### Directions:
Among the lines below, keep only those from the one containing "objectives of eu the promotion of peace" through the one containing "Auriculares Bluetooth Invisibles", and reproduce them exactly.

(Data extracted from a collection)
--- START ---
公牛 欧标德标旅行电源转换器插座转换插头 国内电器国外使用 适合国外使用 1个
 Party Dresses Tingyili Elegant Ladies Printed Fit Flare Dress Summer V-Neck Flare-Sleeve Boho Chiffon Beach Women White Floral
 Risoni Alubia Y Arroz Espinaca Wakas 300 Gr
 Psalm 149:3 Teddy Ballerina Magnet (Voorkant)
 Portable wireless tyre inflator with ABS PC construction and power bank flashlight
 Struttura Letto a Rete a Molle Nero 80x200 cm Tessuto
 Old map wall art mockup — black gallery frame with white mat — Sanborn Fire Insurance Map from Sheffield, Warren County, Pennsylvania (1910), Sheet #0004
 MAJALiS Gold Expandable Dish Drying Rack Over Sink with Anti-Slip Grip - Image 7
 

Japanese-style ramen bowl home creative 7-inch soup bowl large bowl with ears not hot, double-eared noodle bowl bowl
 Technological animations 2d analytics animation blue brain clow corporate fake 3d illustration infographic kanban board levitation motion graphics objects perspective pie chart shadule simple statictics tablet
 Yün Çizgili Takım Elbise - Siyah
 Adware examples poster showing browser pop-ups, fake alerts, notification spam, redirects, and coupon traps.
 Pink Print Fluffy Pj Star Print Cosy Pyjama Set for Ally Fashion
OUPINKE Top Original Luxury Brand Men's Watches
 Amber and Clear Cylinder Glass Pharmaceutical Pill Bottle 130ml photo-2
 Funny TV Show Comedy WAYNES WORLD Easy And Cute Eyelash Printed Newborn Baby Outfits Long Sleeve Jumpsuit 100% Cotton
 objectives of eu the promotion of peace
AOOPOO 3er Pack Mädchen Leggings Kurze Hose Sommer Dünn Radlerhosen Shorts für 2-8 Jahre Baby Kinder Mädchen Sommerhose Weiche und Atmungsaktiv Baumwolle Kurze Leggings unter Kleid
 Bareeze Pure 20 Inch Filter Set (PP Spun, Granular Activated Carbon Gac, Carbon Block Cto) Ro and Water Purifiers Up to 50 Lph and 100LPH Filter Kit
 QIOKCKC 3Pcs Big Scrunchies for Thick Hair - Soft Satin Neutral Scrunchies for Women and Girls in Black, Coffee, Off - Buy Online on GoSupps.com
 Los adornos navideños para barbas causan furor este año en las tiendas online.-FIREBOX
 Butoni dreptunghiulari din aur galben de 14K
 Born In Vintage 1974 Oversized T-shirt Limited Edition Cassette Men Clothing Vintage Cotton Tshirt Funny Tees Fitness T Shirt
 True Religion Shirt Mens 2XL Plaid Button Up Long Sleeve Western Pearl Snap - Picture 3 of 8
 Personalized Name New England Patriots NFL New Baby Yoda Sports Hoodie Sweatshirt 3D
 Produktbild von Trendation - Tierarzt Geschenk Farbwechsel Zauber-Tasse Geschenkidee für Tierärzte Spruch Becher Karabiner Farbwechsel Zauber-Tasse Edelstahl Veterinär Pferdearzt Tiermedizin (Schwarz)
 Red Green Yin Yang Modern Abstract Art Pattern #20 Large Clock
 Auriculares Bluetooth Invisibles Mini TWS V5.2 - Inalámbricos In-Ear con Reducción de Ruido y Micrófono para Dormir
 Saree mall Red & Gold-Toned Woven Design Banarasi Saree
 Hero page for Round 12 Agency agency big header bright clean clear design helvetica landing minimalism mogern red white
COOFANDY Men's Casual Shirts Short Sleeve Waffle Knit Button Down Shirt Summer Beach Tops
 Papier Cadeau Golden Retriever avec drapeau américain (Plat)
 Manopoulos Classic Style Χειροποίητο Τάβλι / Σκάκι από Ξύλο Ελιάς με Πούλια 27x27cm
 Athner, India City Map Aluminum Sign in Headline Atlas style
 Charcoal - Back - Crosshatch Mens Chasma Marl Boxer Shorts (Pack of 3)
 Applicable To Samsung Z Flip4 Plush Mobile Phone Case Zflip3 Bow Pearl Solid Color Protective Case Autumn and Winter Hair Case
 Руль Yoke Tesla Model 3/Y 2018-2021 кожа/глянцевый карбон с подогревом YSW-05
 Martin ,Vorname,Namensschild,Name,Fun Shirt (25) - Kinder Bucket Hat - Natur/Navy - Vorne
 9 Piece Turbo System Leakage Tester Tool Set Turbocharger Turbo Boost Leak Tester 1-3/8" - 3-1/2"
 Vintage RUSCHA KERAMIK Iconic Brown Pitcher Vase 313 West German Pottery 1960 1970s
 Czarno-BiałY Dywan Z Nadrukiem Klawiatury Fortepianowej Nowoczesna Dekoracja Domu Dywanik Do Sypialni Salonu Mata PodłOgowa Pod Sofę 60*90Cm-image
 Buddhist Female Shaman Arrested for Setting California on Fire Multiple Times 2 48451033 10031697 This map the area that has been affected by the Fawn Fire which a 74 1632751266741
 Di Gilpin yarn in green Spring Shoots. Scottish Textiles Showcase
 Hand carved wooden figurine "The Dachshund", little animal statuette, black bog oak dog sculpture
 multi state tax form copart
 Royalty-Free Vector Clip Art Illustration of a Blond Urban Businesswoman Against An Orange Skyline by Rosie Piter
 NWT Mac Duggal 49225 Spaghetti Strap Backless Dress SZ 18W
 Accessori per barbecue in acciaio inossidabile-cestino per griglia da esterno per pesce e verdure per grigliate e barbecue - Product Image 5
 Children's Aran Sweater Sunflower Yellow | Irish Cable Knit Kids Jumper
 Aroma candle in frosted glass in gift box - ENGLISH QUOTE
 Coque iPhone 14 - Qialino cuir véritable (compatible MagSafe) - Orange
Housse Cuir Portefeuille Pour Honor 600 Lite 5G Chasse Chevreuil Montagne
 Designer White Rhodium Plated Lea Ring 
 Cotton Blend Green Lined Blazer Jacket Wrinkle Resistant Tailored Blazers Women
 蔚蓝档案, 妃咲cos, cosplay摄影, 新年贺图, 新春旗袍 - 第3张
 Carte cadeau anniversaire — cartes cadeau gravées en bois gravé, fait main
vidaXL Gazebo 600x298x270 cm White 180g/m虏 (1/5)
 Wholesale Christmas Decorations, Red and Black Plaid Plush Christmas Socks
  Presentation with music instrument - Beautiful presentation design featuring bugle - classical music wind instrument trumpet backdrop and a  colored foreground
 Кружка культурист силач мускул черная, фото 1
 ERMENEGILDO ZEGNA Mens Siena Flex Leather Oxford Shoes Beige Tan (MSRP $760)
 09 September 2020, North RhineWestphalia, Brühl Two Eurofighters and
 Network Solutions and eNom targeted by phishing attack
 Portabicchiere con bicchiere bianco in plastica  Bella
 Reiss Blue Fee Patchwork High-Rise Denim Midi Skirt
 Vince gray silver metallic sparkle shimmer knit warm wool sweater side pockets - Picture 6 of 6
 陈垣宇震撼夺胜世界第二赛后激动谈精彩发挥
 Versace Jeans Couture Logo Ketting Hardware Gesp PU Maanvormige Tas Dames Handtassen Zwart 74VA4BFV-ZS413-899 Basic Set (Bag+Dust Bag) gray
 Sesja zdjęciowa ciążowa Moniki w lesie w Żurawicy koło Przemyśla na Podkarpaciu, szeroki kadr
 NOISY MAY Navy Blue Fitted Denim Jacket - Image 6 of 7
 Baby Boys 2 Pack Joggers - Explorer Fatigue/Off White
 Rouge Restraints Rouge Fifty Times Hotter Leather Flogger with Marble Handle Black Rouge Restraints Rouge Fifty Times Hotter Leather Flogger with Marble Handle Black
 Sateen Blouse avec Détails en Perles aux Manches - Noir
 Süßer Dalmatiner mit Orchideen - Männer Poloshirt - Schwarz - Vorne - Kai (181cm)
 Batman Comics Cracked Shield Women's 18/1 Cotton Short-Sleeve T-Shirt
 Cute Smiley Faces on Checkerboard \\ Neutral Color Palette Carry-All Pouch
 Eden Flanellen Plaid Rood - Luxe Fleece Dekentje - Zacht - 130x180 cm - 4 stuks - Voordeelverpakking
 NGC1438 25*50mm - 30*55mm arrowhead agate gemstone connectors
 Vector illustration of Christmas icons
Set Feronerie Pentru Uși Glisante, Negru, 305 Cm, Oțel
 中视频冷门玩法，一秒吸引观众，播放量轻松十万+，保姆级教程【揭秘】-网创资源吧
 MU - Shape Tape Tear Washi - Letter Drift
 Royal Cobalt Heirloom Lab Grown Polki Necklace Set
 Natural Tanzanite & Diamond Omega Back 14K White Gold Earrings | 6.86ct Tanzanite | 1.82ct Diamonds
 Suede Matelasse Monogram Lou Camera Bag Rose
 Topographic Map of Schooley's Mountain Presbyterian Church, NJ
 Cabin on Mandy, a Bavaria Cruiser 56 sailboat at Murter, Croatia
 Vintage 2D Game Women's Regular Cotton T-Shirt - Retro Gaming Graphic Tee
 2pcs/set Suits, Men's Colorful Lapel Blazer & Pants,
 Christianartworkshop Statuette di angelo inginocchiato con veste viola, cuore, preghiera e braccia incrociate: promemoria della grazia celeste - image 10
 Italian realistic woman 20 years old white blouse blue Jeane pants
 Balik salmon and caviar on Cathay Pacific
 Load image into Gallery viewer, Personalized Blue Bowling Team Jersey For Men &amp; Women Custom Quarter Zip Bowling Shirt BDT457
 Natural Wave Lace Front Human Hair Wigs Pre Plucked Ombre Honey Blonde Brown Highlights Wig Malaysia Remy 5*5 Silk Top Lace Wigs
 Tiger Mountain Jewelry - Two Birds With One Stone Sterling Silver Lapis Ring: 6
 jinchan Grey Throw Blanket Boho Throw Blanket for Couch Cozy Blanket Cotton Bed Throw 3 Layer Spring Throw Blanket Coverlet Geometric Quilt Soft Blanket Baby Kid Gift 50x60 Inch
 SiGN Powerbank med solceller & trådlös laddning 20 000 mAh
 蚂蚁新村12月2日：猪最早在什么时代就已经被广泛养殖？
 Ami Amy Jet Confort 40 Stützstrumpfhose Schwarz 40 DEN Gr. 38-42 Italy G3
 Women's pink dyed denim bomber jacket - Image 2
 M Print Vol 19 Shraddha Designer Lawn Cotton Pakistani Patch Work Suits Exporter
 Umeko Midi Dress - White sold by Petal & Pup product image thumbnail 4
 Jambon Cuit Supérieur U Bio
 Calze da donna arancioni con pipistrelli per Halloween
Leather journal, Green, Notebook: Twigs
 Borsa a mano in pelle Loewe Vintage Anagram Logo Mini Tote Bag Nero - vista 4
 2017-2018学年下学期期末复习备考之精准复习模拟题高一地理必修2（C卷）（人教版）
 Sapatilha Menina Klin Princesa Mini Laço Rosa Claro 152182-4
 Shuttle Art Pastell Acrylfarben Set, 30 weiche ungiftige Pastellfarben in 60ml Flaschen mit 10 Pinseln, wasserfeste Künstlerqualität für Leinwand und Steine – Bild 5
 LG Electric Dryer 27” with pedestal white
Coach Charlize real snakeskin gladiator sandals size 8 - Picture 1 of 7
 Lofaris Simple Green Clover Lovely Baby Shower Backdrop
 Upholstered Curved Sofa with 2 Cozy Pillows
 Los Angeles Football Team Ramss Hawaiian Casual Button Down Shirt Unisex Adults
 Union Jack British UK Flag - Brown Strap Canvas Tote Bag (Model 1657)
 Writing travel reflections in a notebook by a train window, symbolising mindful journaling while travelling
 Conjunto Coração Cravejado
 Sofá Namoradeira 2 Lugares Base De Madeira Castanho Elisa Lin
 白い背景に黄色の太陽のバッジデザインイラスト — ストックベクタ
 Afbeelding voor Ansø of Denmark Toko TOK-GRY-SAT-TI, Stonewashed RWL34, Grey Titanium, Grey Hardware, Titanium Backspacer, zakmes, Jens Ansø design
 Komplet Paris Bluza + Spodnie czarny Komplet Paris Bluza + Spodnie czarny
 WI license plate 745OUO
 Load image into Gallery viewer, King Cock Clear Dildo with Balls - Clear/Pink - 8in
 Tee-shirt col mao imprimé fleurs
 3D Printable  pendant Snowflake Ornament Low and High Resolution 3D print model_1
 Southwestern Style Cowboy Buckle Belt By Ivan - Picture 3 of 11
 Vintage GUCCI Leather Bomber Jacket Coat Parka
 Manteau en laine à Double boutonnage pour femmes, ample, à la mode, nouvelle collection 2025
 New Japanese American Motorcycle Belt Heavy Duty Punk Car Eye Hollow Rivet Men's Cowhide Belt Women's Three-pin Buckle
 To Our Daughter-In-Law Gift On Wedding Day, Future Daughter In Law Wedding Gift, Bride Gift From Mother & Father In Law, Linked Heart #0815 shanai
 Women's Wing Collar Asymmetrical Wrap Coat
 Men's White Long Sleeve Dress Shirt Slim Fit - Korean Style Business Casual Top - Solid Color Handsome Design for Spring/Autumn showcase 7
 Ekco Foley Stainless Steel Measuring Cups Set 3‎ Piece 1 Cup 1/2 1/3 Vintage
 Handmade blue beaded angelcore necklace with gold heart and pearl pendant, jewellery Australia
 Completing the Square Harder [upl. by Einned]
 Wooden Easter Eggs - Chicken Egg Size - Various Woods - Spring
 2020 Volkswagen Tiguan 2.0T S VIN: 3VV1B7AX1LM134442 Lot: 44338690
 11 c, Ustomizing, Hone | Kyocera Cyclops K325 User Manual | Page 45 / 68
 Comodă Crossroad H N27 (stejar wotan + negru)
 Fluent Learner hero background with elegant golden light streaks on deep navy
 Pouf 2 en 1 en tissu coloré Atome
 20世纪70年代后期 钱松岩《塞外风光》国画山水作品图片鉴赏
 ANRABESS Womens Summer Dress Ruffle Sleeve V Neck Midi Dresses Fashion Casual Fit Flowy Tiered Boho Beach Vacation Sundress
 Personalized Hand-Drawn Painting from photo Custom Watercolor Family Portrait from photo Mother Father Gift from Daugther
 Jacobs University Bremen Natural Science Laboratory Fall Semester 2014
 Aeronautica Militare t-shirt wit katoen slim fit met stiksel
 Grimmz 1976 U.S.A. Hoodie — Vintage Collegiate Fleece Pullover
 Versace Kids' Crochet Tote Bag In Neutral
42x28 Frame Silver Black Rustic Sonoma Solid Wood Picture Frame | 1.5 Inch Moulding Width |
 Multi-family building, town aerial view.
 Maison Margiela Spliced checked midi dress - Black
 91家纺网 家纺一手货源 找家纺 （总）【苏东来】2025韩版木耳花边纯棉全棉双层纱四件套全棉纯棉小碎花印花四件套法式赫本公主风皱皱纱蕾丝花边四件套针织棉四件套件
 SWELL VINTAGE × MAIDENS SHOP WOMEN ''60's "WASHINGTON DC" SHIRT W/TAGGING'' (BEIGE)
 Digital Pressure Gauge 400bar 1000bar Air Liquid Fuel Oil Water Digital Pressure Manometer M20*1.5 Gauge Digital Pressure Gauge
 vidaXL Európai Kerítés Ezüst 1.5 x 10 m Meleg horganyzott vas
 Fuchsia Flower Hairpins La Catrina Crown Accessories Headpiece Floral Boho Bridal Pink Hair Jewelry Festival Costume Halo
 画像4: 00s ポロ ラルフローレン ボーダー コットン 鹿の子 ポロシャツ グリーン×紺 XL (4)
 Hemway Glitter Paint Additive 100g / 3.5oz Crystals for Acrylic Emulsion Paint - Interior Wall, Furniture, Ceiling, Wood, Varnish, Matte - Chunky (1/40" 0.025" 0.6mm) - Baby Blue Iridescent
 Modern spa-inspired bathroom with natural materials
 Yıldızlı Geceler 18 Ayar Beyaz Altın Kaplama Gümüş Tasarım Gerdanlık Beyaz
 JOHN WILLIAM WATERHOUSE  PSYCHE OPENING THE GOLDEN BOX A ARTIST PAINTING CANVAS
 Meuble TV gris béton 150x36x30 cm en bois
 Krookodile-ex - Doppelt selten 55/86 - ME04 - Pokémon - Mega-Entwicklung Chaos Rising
--- END ---
### Written answer:
 objectives of eu the promotion of peace
AOOPOO 3er Pack Mädchen Leggings Kurze Hose Sommer Dünn Radlerhosen Shorts für 2-8 Jahre Baby Kinder Mädchen Sommerhose Weiche und Atmungsaktiv Baumwolle Kurze Leggings unter Kleid
 Bareeze Pure 20 Inch Filter Set (PP Spun, Granular Activated Carbon Gac, Carbon Block Cto) Ro and Water Purifiers Up to 50 Lph and 100LPH Filter Kit
 QIOKCKC 3Pcs Big Scrunchies for Thick Hair - Soft Satin Neutral Scrunchies for Women and Girls in Black, Coffee, Off - Buy Online on GoSupps.com
 Los adornos navideños para barbas causan furor este año en las tiendas online.-FIREBOX
 Butoni dreptunghiulari din aur galben de 14K
 Born In Vintage 1974 Oversized T-shirt Limited Edition Cassette Men Clothing Vintage Cotton Tshirt Funny Tees Fitness T Shirt
 True Religion Shirt Mens 2XL Plaid Button Up Long Sleeve Western Pearl Snap - Picture 3 of 8
 Personalized Name New England Patriots NFL New Baby Yoda Sports Hoodie Sweatshirt 3D
 Produktbild von Trendation - Tierarzt Geschenk Farbwechsel Zauber-Tasse Geschenkidee für Tierärzte Spruch Becher Karabiner Farbwechsel Zauber-Tasse Edelstahl Veterinär Pferdearzt Tiermedizin (Schwarz)
 Red Green Yin Yang Modern Abstract Art Pattern #20 Large Clock
 Auriculares Bluetooth Invisibles Mini TWS V5.2 - Inalámbricos In-Ear con Reducción de Ruido y Micrófono para Dormir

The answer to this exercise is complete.